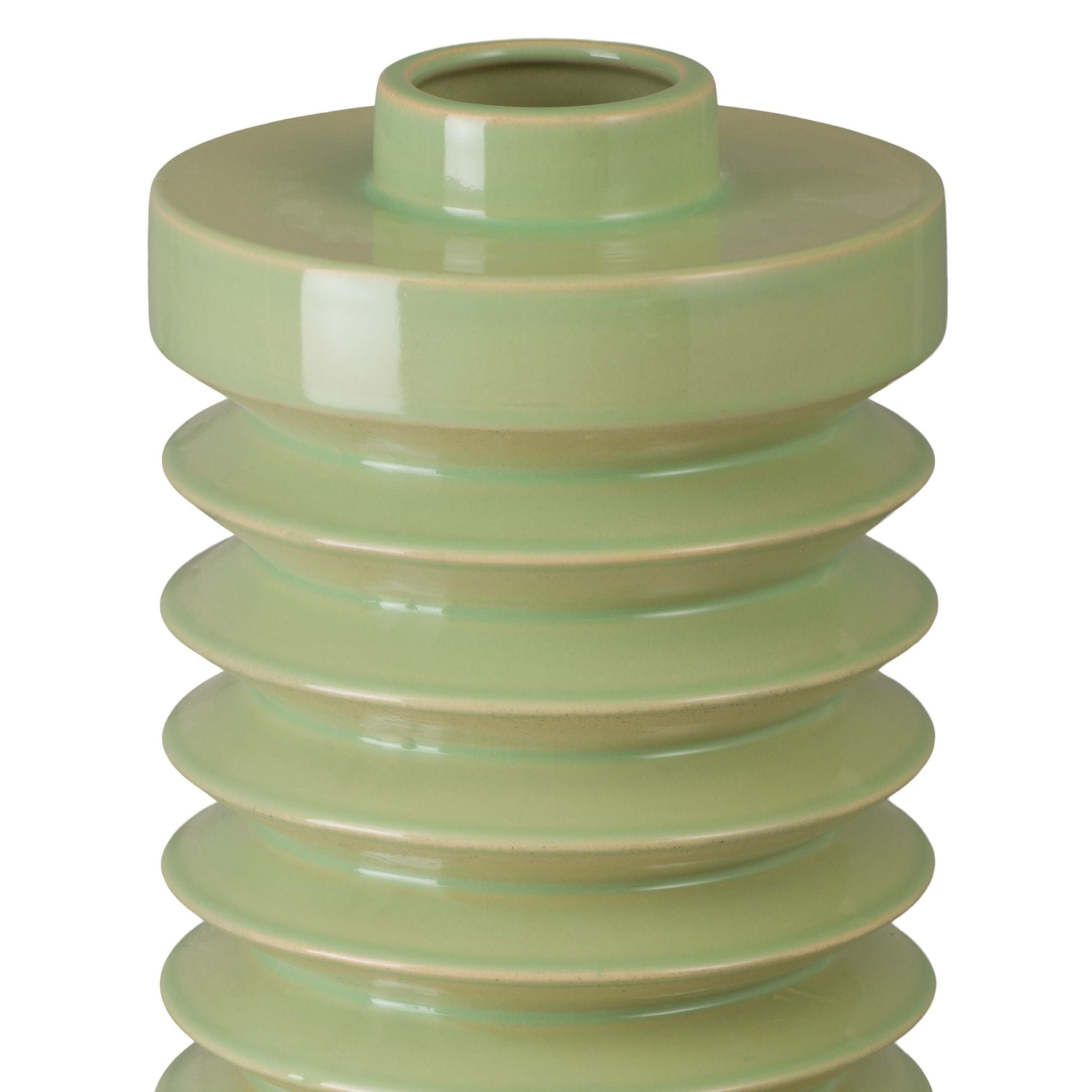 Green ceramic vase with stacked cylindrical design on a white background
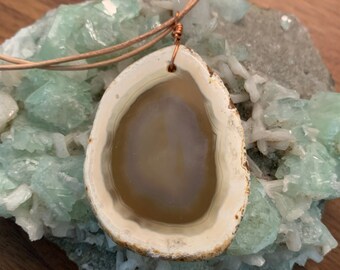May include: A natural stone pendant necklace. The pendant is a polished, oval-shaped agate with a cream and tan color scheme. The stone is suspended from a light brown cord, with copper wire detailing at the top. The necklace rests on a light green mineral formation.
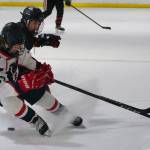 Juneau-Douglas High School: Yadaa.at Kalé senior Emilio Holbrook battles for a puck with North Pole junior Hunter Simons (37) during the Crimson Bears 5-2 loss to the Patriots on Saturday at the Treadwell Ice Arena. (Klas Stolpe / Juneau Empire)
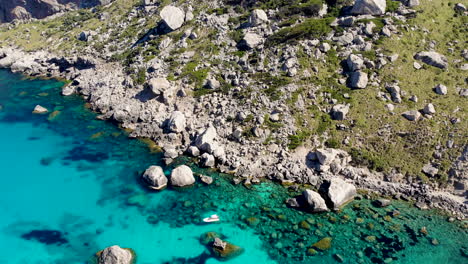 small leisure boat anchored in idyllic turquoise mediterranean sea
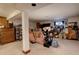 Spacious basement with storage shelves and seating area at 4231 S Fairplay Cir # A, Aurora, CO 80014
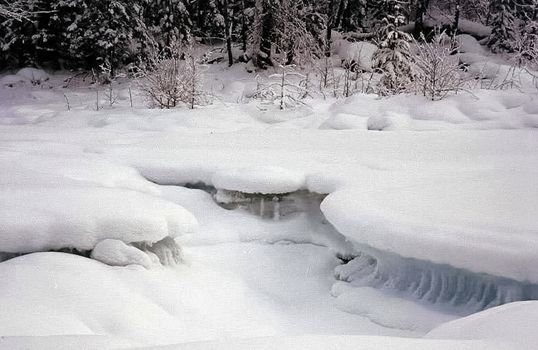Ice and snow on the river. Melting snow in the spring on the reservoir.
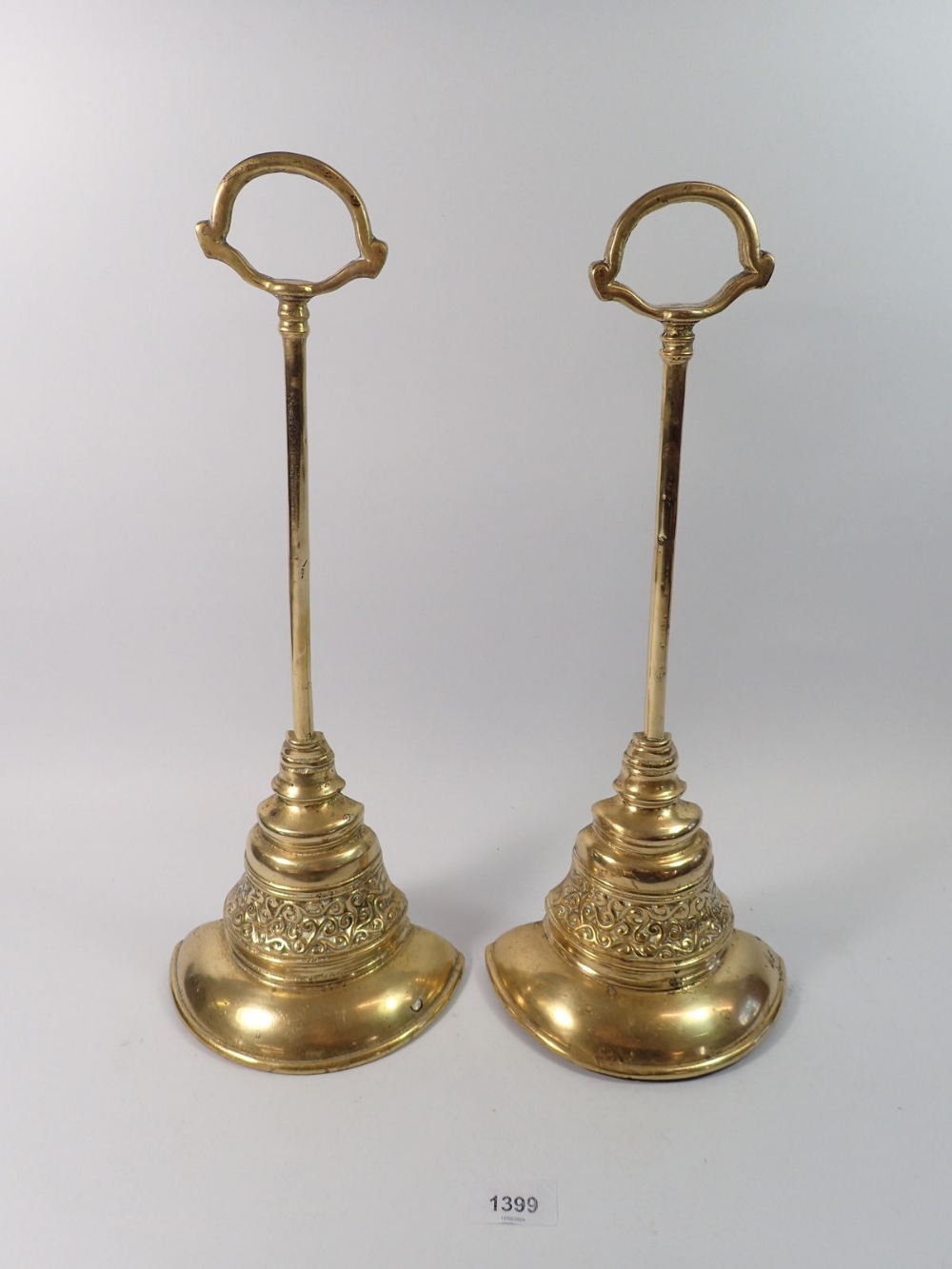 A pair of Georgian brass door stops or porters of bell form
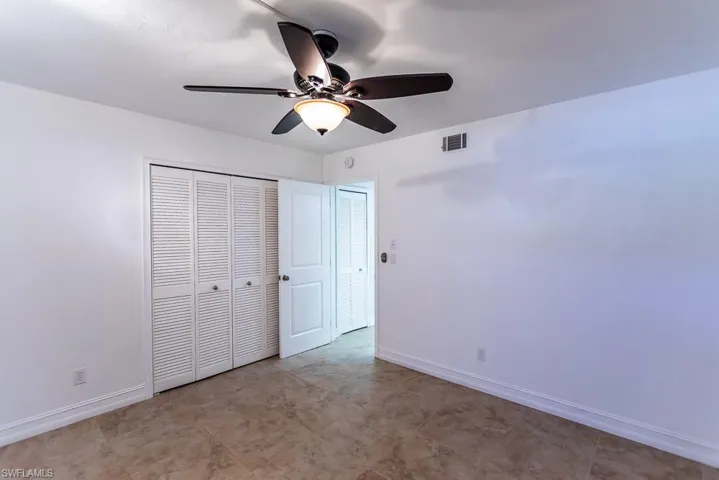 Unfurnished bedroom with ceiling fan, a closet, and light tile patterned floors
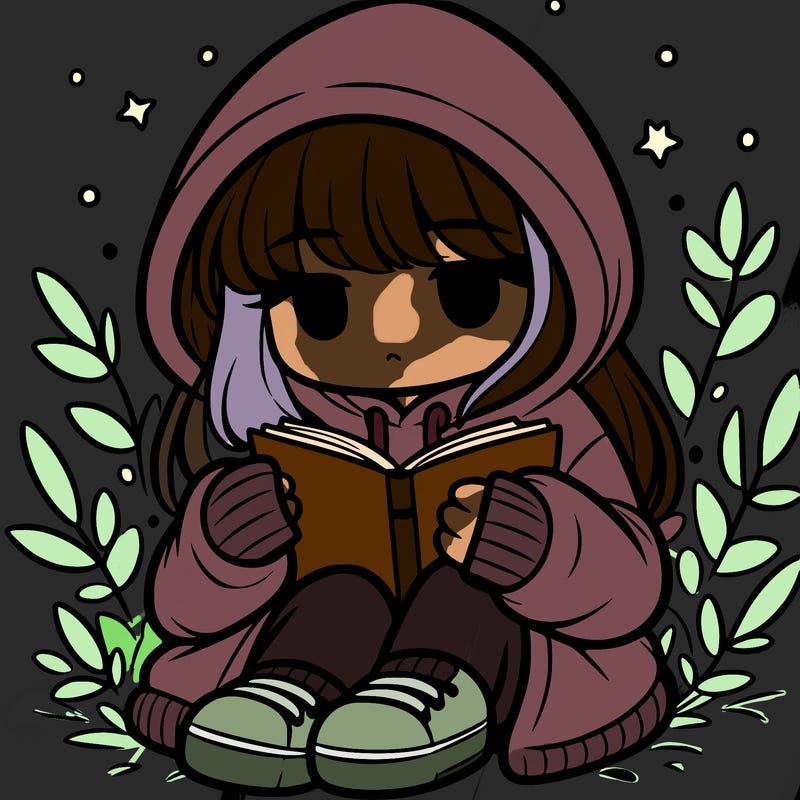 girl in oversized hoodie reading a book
####
_Directions for this task_. Set the material above down again word for word. Include none of its pictures.

_Solution to the exercise_.
 Green ceramic vase with stacked cylindrical design on a white background
May include: A natural stone pendant necklace. The pendant is a polished, oval-shaped agate with a cream and tan color scheme. The stone is suspended from a light brown cord, with copper wire detailing at the top. The necklace rests on a light green mineral formation.
 Juneau-Douglas High School: Yadaa.at Kalé senior Emilio Holbrook battles for a puck with North Pole junior Hunter Simons (37) during the Crimson Bears 5-2 loss to the Patriots on Saturday at the Treadwell Ice Arena. (Klas Stolpe / Juneau Empire)
 small leisure boat anchored in idyllic turquoise mediterranean sea
 Spacious basement with storage shelves and seating area at 4231 S Fairplay Cir # A, Aurora, CO 80014
Ice and snow on the river. Melting snow in the spring on the reservoir.
 A pair of Georgian brass door stops or porters of bell form
 Unfurnished bedroom with ceiling fan, a closet, and light tile patterned floors
 girl in oversized hoodie reading a book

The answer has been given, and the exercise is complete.